On Friday, 18 May 2018 04:54:01 CEST Takashi Sakamoto wrote:
Hi,
On May 18 2018 04:00, Melvin Vermeeren wrote:
Mytek manufactures some equipment with DICE-based firewire ports. These devices contain old versions of DICE firmware which lacks detailed stream format reporting for all sampling clock modes.
Building upon the recent work by Takashi Sakamoto, hard-coded parameters are added for the Stereo 192 DSD-DAC. When the device vendor and model match the coded parameters are copied into the stream format cache.
Signed-off-by: Melvin Vermeeren mail@mel.vin -- SNIP --
From me, some supplements. In Mytek website, we can get firmwares for some models with interfaces for IEEE 1394 bus.
- Professional: https://mytekdigital.com/professional/support/
- Stereo192-DSD-DAC:
https://mytekdigital.com/support_docs/Mytek_Stereo192DSD%20DAC_firmware.zip
- 8x192ADDA DIO FW:
https://mytekdigital.com/download_library/DioFWDiceMini3001.bin
- HiFi: https://mytekdigital.com/hifi/support/
- Manhattan DAC (Original model):
https://mytekdigital.com/support_docs/Mytek_ManhattanDAC_firmware_v1.1.1.zip
- Stereo192-DSD-DAC:
https://mytekdigital.com/support_docs/Mytek_Stereo192DSD%20DAC_firmware.zip
When executing strings(1) to these firmwares, we can see below line:
For Stereo192-DSD-DAC:
* Mytek Stereo192DA on DICE Mini (TCD2210) *
For original Manhattan DAC:
* Mytek Stereo192DA on DICE Mini (TCD2210) *
(I note that the line includes different name.)
For 8x192ADDA DIO FW:
* Mytek 8x192ADDA DioFW on DICE Mini (TCD2210) *
It's reasonable that we judge TCD2210 (a.k.a. Dice mini) ASIC used for Mytek models. Old firmwares were not released for this ASIC, thus your patch comment is not proper. The reason for this patch is that this model doesn't support extended protocol, which I've addressed at a commit commit 58579c056c1c ('ALSA: dice: use extended protocol to detect available stream formats').
Thank you for the details, I hadn't looked into the hardware side of things with this depth. I had assumed that the lack of reporting would be due to old firmware like with other models.
Furthermore, for 8x192ADDA DIO FW, the firmware includes below line:
* EAP is supported. *
I believe ALSA Dice driver can detect stream formats correctly for this model. Thus, the rest of piece may be for original Manhattan DAC.
It could be that the Manhattan does support EAP, it is quite a bit newer than the Stereo 192 DSD-DAC. Though at the same time, a lot of the internals are the same as in the 192.
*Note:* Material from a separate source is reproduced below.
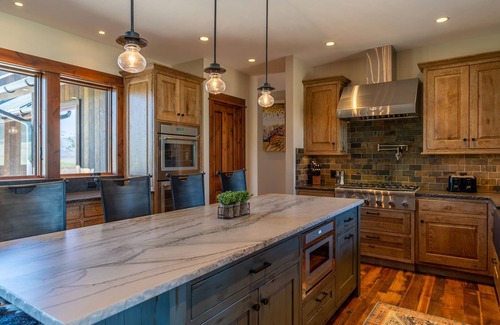 Pray House | Emigrant Peak Lodge ·Privacy, Firepit, near Chico and Yellowstone Park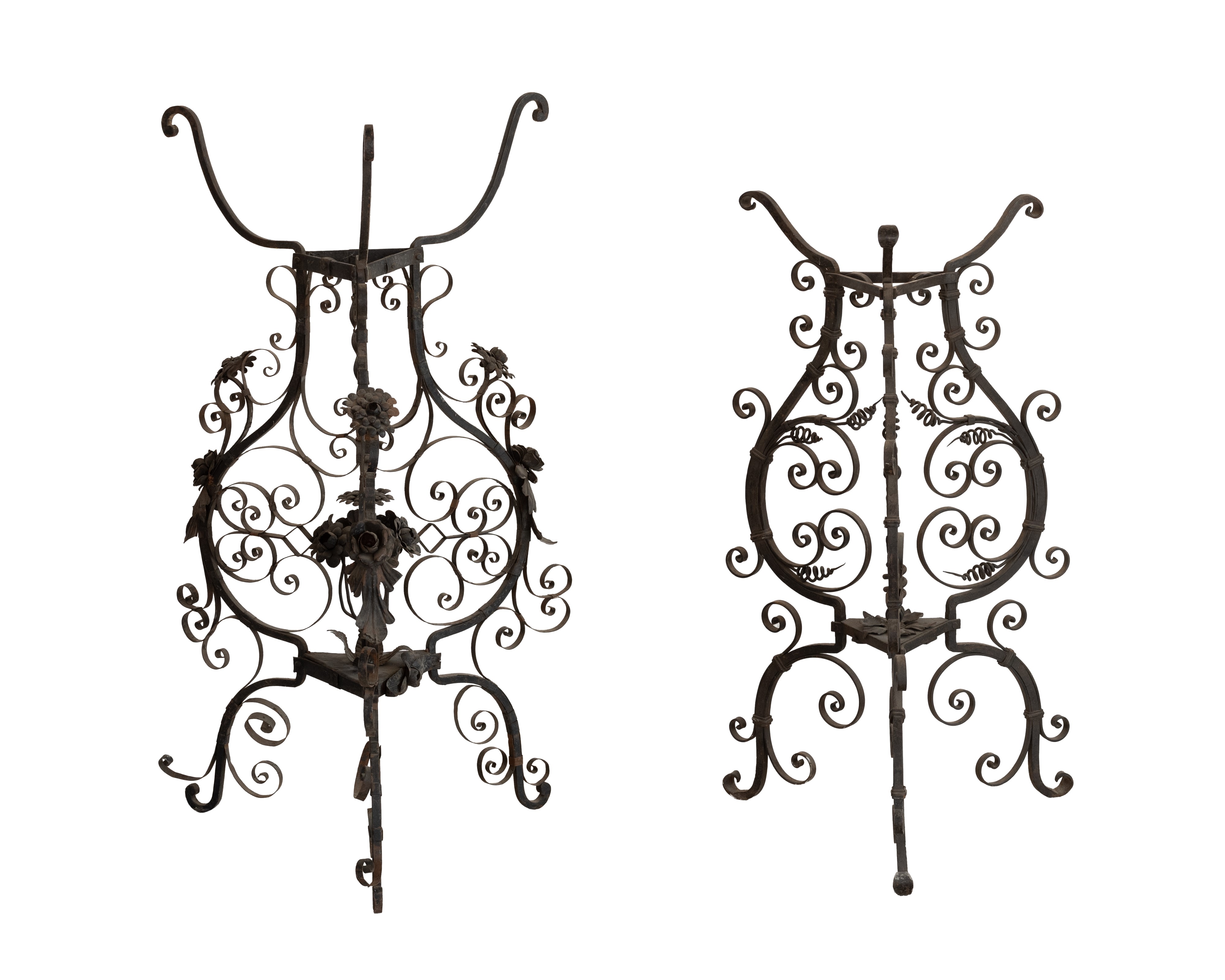 Due portabacili in ferro battuto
I note that all of Dice based devices utilizes Embedded Configurable Operating System(eCos)[1], and these firmwares are designed for eCos. IMHO, the firmwares can be parsed by format of eCos but I have never attempted it,
From my curious, can you drive your model with DSD samples? If so, what kind of software do you use?
With lintweaker's out-of-tree USB 2.0 driver[1] it works with DoP. Due to latency requirements and reliability I always run over firewire however. I did some basic attempts to get it working from userspace, but I think it is not possible with the current snd_dice.
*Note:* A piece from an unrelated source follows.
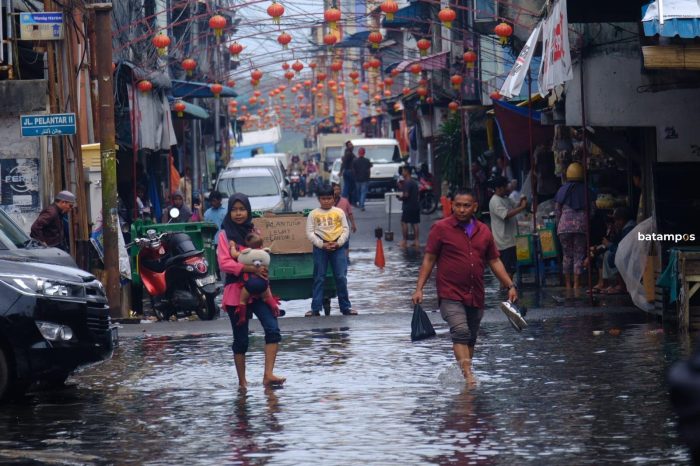 Banjir Rob Rendam Jalan dan Permukiman Warga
As for the player, I believe there are several that support it. So far I have been using MPD, which has native DSD playback[2][3].
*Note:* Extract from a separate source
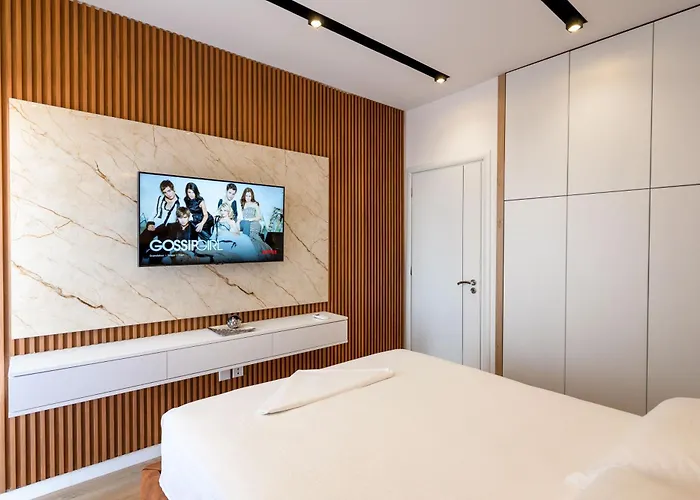 Mato Luxury * Saranda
I did attempt something cheap to see what would happen:
#define AM824_IN_PCM_FORMAT_BITS SNDRV_PCM_FMTBIT_S32 #define AM824_OUT_PCM_FORMAT_BITS SNDRV_PCM_FMTBIT_S32
For these two, I appended "| SNDRV_PCM_FMTBIT_DSD_U32_LE" and some other variants. MPD then refuses to play because:
alsa_output: opened hw:DAC,0 type=HW alsa_output: buffer: size=1792..4096 time=10158..23220 alsa_output: period: size=896..2048 time=5079..11610 alsa_output: default period_time = buffer_time/4 = 23219/4 = 5804 alsa_output: format=DSD_U32_LE (Direct Stream Digital, 4-byte (x32), little endian, oldest bits in MSB) alsa_output: buffer_size=4096 period_size=1024 output: opened "mpd_alsa_out" (alsa) audio_format=dsd128:4 exception: Failed to convert for "mpd_alsa_out" (alsa) exception: nested: PCM conversion from f to dsd is not implemented output: Retrying without DSD alsa_output: opened hw:DAC,0 type=HW alsa_output: buffer: size=1920..4096 time=10000..21334 alsa_output: period: size=960..2048 time=5000..10667 alsa_output: default period_time = buffer_time/4 = 21333/4 = 5333 alsa_output: format=S32_LE (Signed 32 bit Little Endian) alsa_output: buffer_size=4096 period_size=1024 output: opened "mpd_alsa_out" (alsa) audio_format=192000:32:4 libsamplerate: setting samplerate conversion ratio to 0.27 output: converting in=dsd128:2 -> f=dsd128:2 -> out=192000:32:4
I am pretty sure this happens because the DSD128 file is 2 channels, and MPD sees the output in 4 channels. It does exactly the same for DSD64. I am not sure how this should be handled since the channels are not actually for 4.0 audio. Possibly need to expose it is a 2-channel device and in the driver use PCM-L,PCM-R or DSD-L,DSD-R depending on the input. Could be the unit works a bit differently then this, I will ask Mytek.
In the meanwhile, do you have any suggestions for things I could experiment with? I am not very familiar with the ALSA tree (yet). Meanwhile I will try to look in MPD source code for a bit, if I could set channel mappings there that might solve it too.
By the way, it seems that currently native 16-bit and 24-bit PCM formats are not supported since it always locks to 32-bit. I remember the "old", 2016, DICE driver did support 16-bit to my DAC, not sure about 24-bit. I am curious to why the new design is fixed to 32-bit, do you perhaps know?